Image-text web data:
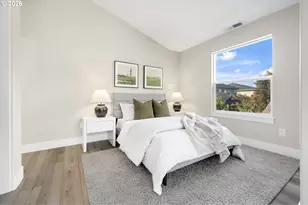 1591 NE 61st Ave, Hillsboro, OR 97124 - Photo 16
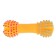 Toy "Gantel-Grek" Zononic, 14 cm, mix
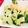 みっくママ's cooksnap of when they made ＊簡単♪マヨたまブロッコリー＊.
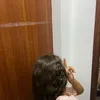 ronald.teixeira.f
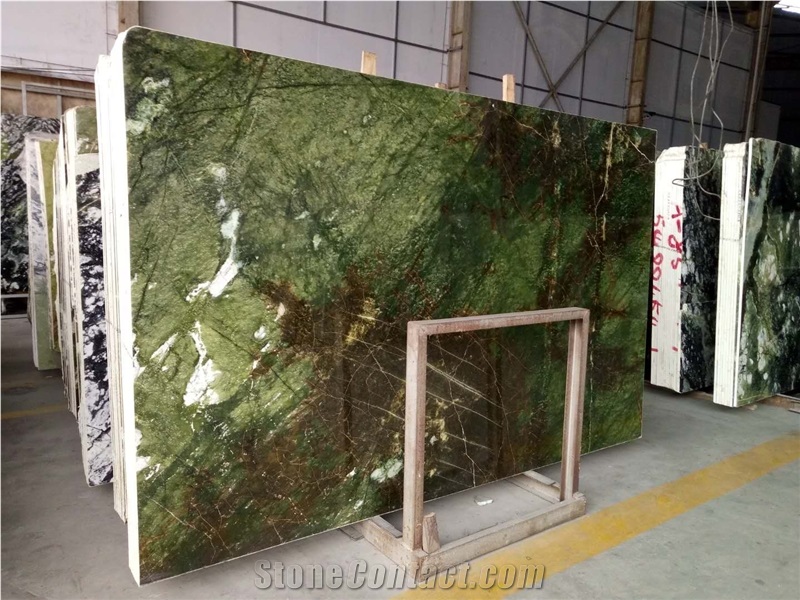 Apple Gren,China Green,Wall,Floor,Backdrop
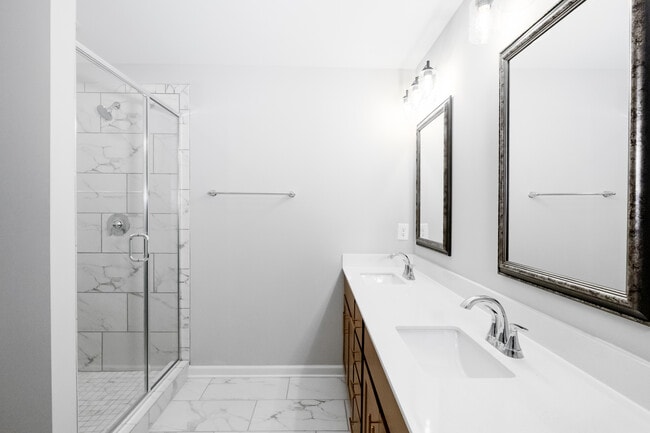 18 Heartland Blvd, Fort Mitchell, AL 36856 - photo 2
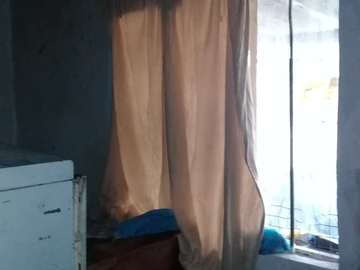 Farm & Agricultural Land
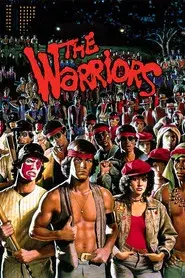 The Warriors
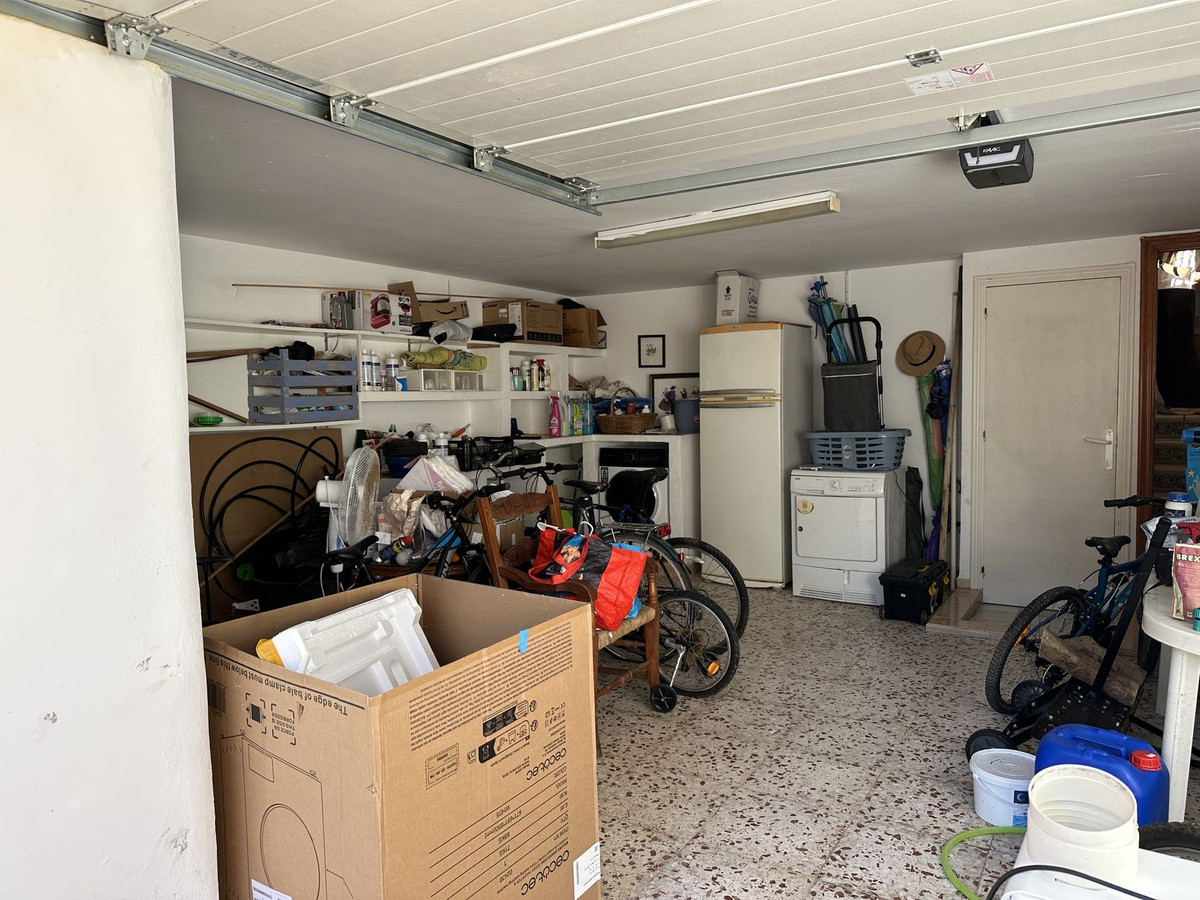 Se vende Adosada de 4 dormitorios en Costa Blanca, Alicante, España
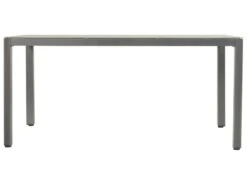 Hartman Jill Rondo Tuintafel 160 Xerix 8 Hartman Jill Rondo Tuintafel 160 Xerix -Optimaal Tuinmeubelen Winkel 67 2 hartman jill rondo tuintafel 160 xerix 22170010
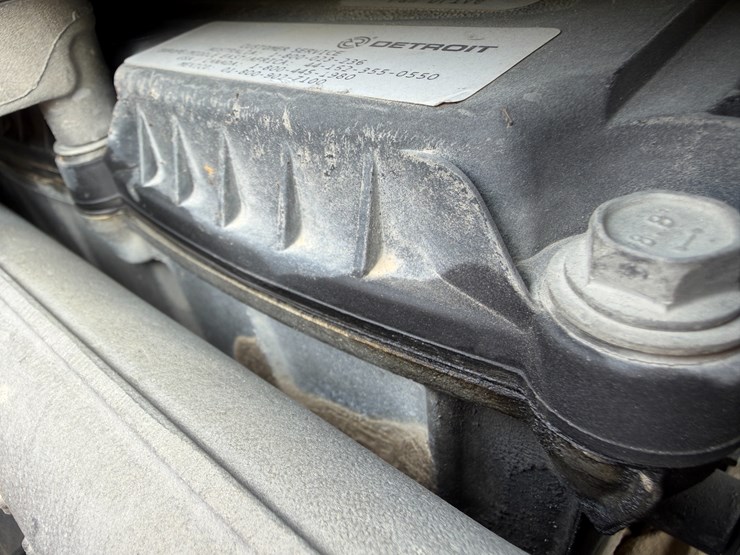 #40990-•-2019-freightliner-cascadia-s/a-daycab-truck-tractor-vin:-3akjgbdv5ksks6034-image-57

## Aim of the exercise
This calls for each record above to be set down exactly, with the images skipped.

## Answer for this exercise
 1591 NE 61st Ave, Hillsboro, OR 97124 - Photo 16
 Toy "Gantel-Grek" Zononic, 14 cm, mix
 みっくママ's cooksnap of when they made ＊簡単♪マヨたまブロッコリー＊.
 ronald.teixeira.f
 Apple Gren,China Green,Wall,Floor,Backdrop
 18 Heartland Blvd, Fort Mitchell, AL 36856 - photo 2
 Farm & Agricultural Land
 The Warriors
 Se vende Adosada de 4 dormitorios en Costa Blanca, Alicante, España
 Hartman Jill Rondo Tuintafel 160 Xerix 8 Hartman Jill Rondo Tuintafel 160 Xerix -Optimaal Tuinmeubelen Winkel 67 2 hartman jill rondo tuintafel 160 xerix 22170010
 #40990-•-2019-freightliner-cascadia-s/a-daycab-truck-tractor-vin:-3akjgbdv5ksks6034-image-57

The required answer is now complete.